Whenever an exception is thrown,
all of the logic within the stored procedures is rolled back.
>> Mm-hm.
>> And this can be really nice for doing some validation.
So an example is if I've already created that review document in
the function above, let's say now I wanna update the product document
and I couldn't find it.
Rather than having this dangling review document, I can now just roll
this back and say, hey, ignore everything I've done in here, I'm
gonna fail this, I wanna roll back because of this validation check.
>> And to make sure I get the language right, and
people understand as well.
When we say roll back, it's as if it never happened.
These aren't compensating transactions, right?
>> Right, right.
>> If I'm adding something like if I'm doing finance,
if I'm transferring money- >> Mm-hm.
>> And that fails, it's like it never happened at all.
It's not that it failed and
then I transferred it back with a compensating transaction.
>> That's correct.
So at the beginning of the execution in the stored procedure,
what we do is we actually take a snapshot of your database.
>> Mm.
>> And then at the end of, when it completes,
let's say you don't wanna fail it or roll it back,
you don't throw an exception- >> Mm-hm.
>> What we do is we apply all of those mutations all at once at
the end of the execution.
So that's the equivalent to a commit.
>> Very cool.
>> Yeah.
Now, some things to also note about this in terms of just best
I have seen a lot of folks if you're coming from let's say
a Java background like I came from or .NET background.
You might not be used to the control flow of JavaScript, and
JavaScript, I mean really embraces async operations, right?
And so one of the main things to point out, I think
if you're new to JavaScript and new to writing stored procedures,
is make sure that when you do the control flow for
the script, make sure that you line it up in call backs.
Don't fire a bunch of async operations all at once.
>> Mm-hm.
If you're bounding your CPU, then those async operations will
just fly away and then eventually you'll just slap them down and
you won't know whether they happened or not?
>> Right.

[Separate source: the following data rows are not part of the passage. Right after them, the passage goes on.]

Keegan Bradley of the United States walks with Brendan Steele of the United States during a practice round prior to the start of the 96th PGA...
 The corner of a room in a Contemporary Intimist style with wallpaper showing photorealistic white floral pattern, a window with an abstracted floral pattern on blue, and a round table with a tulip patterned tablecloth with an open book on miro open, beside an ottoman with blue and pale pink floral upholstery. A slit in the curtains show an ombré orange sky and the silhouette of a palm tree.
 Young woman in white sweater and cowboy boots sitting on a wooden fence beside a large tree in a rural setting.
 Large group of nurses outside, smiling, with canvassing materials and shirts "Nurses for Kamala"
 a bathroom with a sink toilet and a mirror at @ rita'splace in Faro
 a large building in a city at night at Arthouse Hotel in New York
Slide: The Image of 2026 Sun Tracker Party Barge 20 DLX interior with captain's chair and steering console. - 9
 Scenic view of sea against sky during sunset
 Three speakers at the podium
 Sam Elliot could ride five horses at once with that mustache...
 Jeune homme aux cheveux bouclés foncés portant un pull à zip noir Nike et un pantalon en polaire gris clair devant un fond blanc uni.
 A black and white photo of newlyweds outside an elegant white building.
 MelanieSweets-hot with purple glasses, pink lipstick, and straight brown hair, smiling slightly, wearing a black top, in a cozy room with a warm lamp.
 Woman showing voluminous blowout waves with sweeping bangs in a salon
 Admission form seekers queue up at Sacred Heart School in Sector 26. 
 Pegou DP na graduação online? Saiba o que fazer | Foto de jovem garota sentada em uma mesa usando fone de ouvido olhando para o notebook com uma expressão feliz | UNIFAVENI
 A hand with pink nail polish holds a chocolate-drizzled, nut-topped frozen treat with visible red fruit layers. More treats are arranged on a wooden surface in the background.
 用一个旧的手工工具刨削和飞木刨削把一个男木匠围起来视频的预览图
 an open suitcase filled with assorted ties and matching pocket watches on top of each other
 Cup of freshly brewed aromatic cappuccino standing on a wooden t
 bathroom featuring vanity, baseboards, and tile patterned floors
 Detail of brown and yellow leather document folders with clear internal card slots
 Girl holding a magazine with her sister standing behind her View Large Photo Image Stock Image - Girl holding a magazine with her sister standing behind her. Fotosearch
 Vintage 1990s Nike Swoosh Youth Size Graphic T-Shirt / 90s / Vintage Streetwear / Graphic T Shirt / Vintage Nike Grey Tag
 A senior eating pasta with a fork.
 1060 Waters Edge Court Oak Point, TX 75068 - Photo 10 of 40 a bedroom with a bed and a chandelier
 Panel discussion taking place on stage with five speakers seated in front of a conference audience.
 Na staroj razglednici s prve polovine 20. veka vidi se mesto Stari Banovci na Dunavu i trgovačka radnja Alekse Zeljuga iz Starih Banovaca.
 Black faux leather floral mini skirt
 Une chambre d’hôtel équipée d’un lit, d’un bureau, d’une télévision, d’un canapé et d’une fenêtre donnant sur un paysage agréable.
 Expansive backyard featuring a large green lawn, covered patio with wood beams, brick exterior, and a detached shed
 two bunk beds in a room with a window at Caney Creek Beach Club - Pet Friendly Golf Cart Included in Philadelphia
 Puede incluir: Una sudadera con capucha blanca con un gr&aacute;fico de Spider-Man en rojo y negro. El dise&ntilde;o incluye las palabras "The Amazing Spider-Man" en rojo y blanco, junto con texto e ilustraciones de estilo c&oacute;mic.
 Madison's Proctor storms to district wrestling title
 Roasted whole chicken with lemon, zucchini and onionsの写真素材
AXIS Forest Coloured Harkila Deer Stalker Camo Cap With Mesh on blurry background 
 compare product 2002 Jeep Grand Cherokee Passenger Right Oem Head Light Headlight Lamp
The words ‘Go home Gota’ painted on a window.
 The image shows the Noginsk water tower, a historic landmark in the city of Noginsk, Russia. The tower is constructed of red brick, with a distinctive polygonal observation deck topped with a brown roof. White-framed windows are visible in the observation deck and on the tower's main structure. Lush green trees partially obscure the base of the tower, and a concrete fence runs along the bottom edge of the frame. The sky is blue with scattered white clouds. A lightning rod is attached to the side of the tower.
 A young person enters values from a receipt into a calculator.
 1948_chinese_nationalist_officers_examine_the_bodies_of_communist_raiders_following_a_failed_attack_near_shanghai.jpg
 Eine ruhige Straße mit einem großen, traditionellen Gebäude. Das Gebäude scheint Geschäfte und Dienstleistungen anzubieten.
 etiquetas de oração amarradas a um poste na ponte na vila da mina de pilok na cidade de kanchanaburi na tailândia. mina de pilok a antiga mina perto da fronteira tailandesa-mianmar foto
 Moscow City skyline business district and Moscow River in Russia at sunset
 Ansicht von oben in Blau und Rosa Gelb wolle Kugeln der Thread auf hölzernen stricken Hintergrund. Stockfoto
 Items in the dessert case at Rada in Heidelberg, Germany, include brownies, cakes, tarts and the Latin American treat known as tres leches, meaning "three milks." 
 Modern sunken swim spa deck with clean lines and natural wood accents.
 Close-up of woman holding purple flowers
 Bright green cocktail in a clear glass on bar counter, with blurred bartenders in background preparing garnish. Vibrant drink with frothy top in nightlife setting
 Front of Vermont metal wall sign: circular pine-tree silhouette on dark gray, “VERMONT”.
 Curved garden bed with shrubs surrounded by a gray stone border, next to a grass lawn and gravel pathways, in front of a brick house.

So it'd be very hard to control
the IO and understand what's going on.
So in this case if you wanna perform this IO sequentially,
you'll want to make sure that you follow the call back convention.
>> Mm-hm.
>> As a matter of chance,
since this is implemented actually on ChakraCore.
>> ChakraCore, the open source JavaScript library that we use.
>> Yes.
The JavaScript runtime that we use.
We have full ES6 compatibility so should you wanna use premises or
something else to alter the control for
any of the other ES6 functionality.
Which I think is really awesome in the JavaScript world.
We do have that available, and one of the other cool things
about this is our JavaScript runtime isn't just for stored procedures,
we gave you transaction semantics around triggers.
So if you wanna apply let's say a JavaScript script attached to
a crowd operation, and this might be updating let's say a metadata
document and you want to have that happen transactionally.
>> Mm-hm.
>> Or if you wanna do user defined functions and
augment our query language, we also let you use the JS Runtime for that.
So, an example is in the product catalog I had a bunch of documents
which had a weight.
Those weights were in grams.
And let's say I wanna present back to the user in a product
listing page.
>> Mm-hm.
>> I want to show them this in pounds.
I can do this conversion and then embed this into a SQL query.
>> And now anyone who's in that collection can use that
in their stored procedures and build on it, and whatever.
>> Yes. >> So your developers could build
a whole library of user defined functions that they could all then
exploit within their stored procedures.
>> Yes.
So that's all getting embedded in the SQL query.
And then as part of the stored procedure,
you can run these SQL queries, and so you can include the UDF if
you choose to, as part of the select clause or the where clause, yeah.
>> This seems such a nice compromise.
And I don't mean compromise in an everyone loses way, but
literally everyone wins, cuz you've got enterprise developers with
a familiarity for things like stored procs, UDFs, SQL.
>> Mm-hm.
>> And you've got the new generation of people that wanna push
JSON around, they want it on structured database, and
they want world scale and they want it for free.
>> Mm.
>> You're giving, for lack of a better world,
both the young people and the older people,
what they want to make applications that are gonna run at huge scale.
>> Yes.
And speaking of world scale,
I mean one of the things that DocumentDB has really cool is all of
the partitioning is built into the server side itself.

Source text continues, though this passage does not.